REQUIRED ACTION | Only an exact copy of the entries, stripped of pictures, will serve as the answer.

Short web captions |
━━━━━━━━

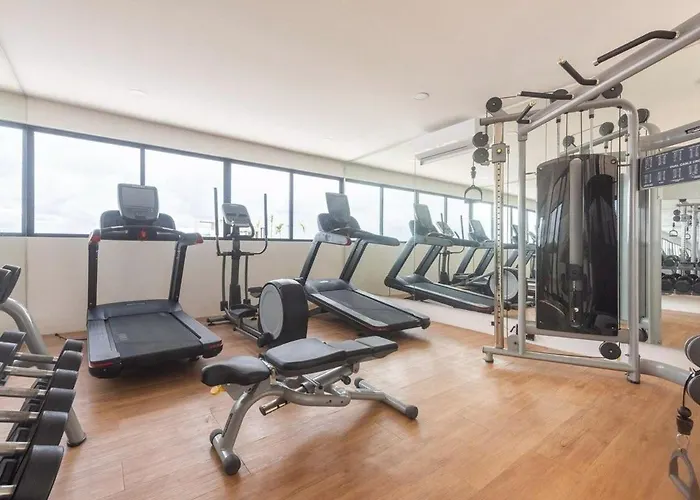 Modern Close To The Beach, Roof Pool And Fast Wifi Apartment *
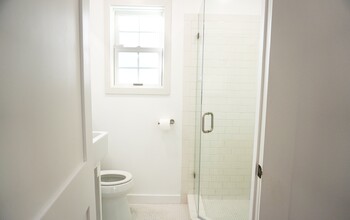 1120 S Barrington Ave in Los Angeles, CA - Building Photo - Building Photo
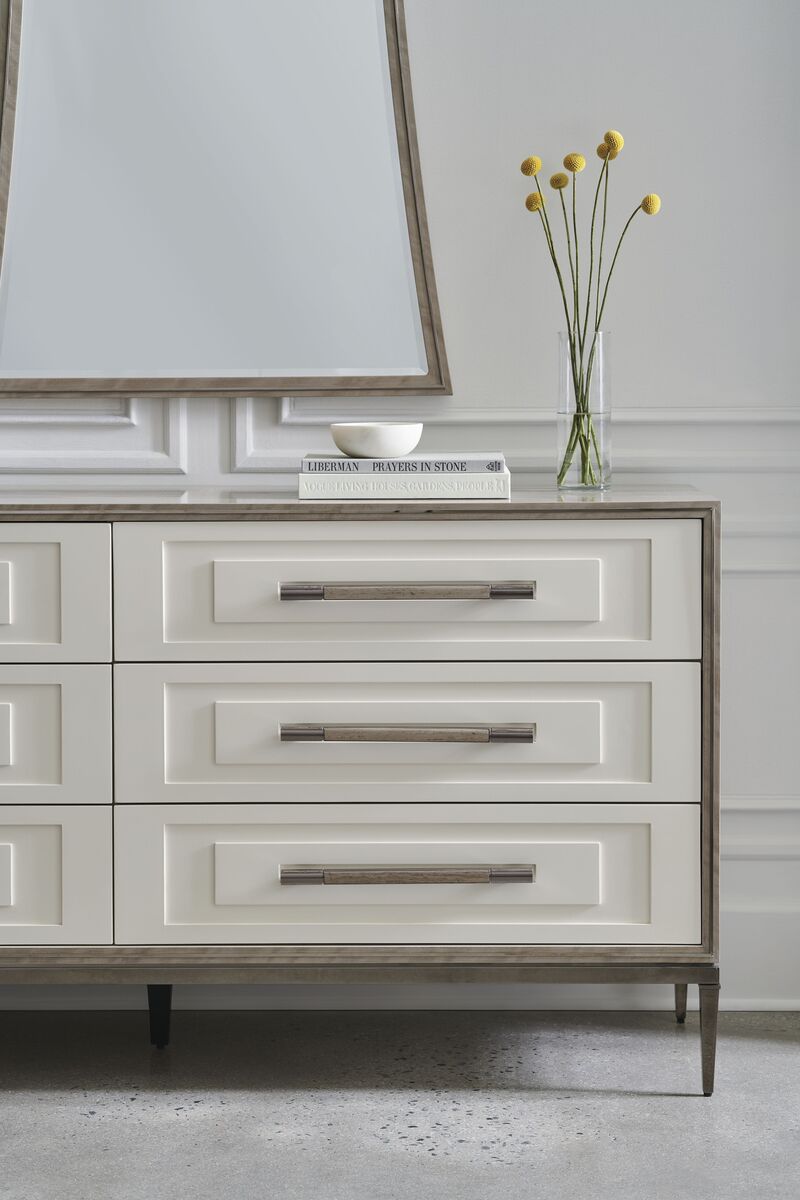 IMPRESSIVE DRESSER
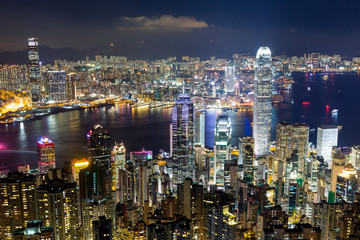Fototapeta na wymiar Hong Kong building at night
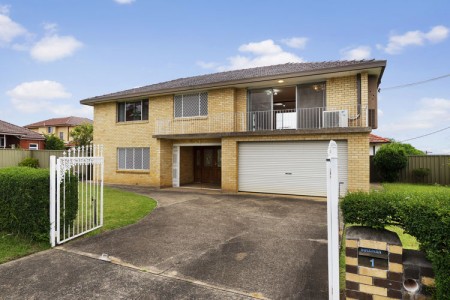 SPACIOUS OPEN-PLAN LIVING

━━━━━━━━

SOLUTION |
 Modern Close To The Beach, Roof Pool And Fast Wifi Apartment *
 1120 S Barrington Ave in Los Angeles, CA - Building Photo - Building Photo
 IMPRESSIVE DRESSER
Fototapeta na wymiar Hong Kong building at night
 SPACIOUS OPEN-PLAN LIVING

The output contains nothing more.